Extracted data:
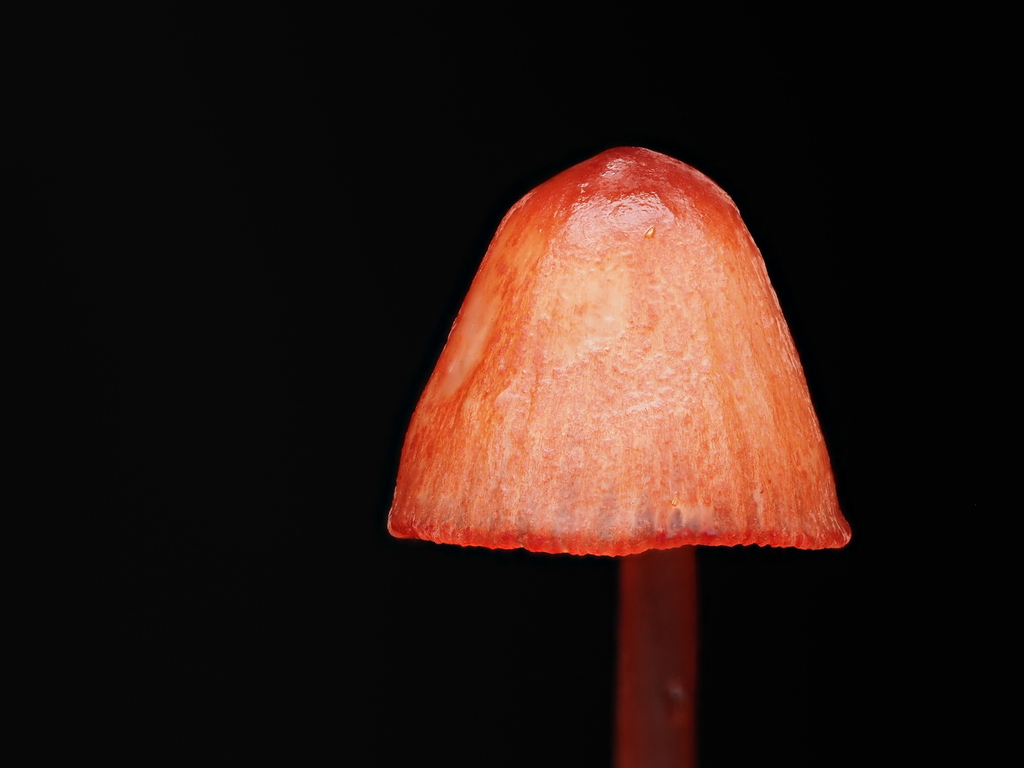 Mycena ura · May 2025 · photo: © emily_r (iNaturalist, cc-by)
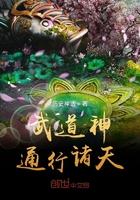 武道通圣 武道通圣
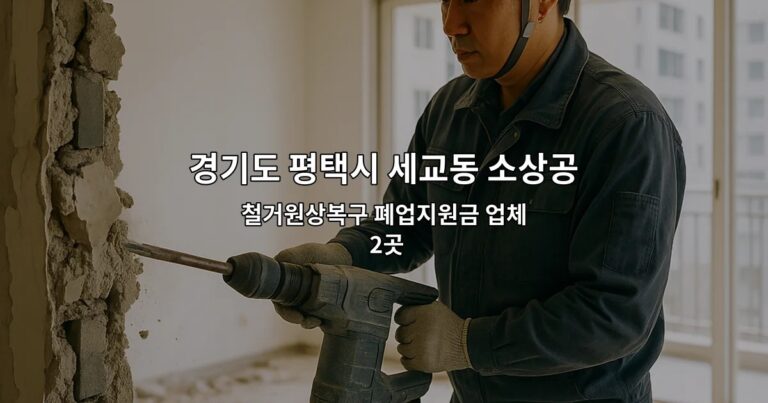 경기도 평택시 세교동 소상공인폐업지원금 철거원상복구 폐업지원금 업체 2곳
--
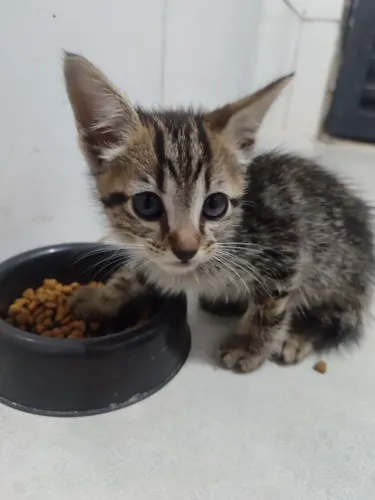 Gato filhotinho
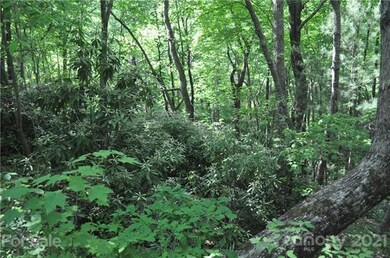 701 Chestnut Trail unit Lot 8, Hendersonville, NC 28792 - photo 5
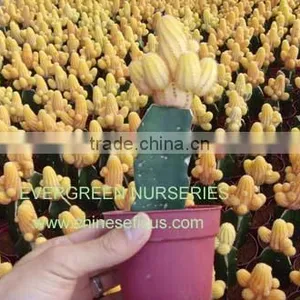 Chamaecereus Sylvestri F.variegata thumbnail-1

What you need to do:
What are the lines above from the one with "Mycena ura ·" to the one with "경기도 평택시 세교동 소상공인폐업지원금 철거원상복구 폐업지원금 업체 2곳", both included? Reproduce them exactly, without pictures.

Solution to this exercise:
 Mycena ura · May 2025 · photo: © emily_r (iNaturalist, cc-by)
 武道通圣 武道通圣
 경기도 평택시 세교동 소상공인폐업지원금 철거원상복구 폐업지원금 업체 2곳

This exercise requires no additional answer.